Yes, that's the whole purpose - get the vectorizer (and SLP) a better
data structure
which is explicit about permutes.

I somewhat miss an idea on how to deal with irregular SLP cases - that is,
does the AST model each (current) SLP node as a single statement or
does it model individual vector elements (so you can insert no-op
compensation
code to make the operations match).  Consider

  a[i] = b[i] * 3;
  a[i+1] = b[i+1];

which can be vectorized with SLP if you realize you can multiply b[i+1] by
1.


The pass structure we are having for our optimization is as follows:
- New pass target-aware-loop-vect with following subpasses:
  - Loop structure identification
  - Restricted loop construction
  - Loop analysis (6 phases of target-aware reordering-instruction selection
algorithm)
  - Loop transformation (Cost aware gimple code generation)
We might need some optimizations to be performed on loop body before we
start our optimization for reordering instruction selection, so that input
program can be transformed to fit into our restricted loop structure. These
transformations can be performed by restricted loop construction subpass.
Eg.: multi-dimentional array, nested loops, reduction chains etc. can be
supported by transforming input loop. The case that you have mentioned, can
be transformed at this level.

As of implementing the whole thing in GCC I recently spent some more time
thinking and came to the conclusion that the path to the fastest
improvements
in GCC code-gen would be to build the new AST after the current analysis
phase finished, do the optimization and drive code-generation off the new
AST.
Thus keep things like data-ref and dependence analysis as is, as well as
group analysis and SLP tree construction.  Build the AST from the
vectorizer
"IL" at the point vect_transform_loop / vect_slp_transform_bb is called.


Current pass structure that we have designed, does exactly that. The only
difference is that, we are planning to use the transform phase as a
co-process of our transform pass, than reconstruct an AST from our
representation to pass to vect_transform_loop.
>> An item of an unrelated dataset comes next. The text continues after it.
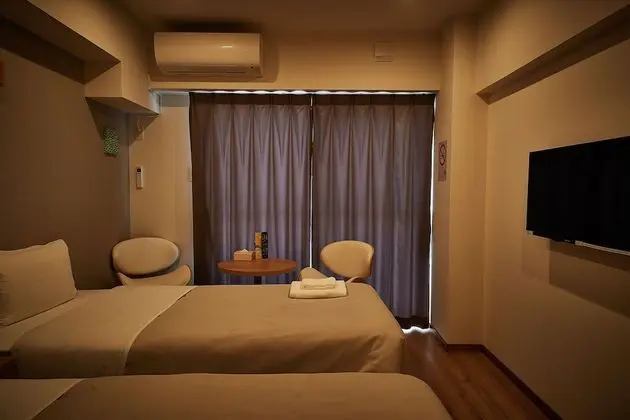 İki Ayrı Yataklı Oda, Sigara İçilmez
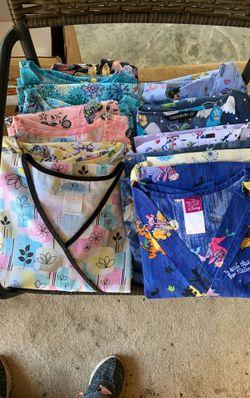 Women’s uniform scrub tops size large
More and more of the rest of the vectorizer code can then be "slowly"
moved
to work on the AST and AST construction be moved earlier.

So I think an incremental approach is much more likely to get us some benefit, and I'm wondering how much of the benefit here stems from which bit, and how many of these changes can be broken off.

For example, making permutes into explicit operations on the SLP tree, and adding a pass that tries to push them up/down the tree into each other, might be done on the existing codebase, and would be a significant win in itself (bringing some/much(?) of improvements in interleaving code of your proposal).

I'm not really sure how much of the benefit stems from what, though - e.g. does reducing vector length down to fit the target machine only after the other steps, bring any benefits besides raising abstraction? (Which certainly can be a benefit!). AFAICT this could be done independently of other changes?

Another limitation of the present SLP structure is it's not understanding sharing (until later CSE, hence costing wrongly); it would be good to fix this (making the SLP tree into a DAG, and potentially reusing subtrees by adding permutes). This is a step we'd like to take anyway, but might tie in with your "Bottom-up commoning of p-node subtrees". And would help with (BB as well as loop) cost calculations.

Are there any really fundamental differences that we cannot overcome in steps? ( / are there any steps we shouldn't take in isolation, because we'd have to 'throw them away' later?)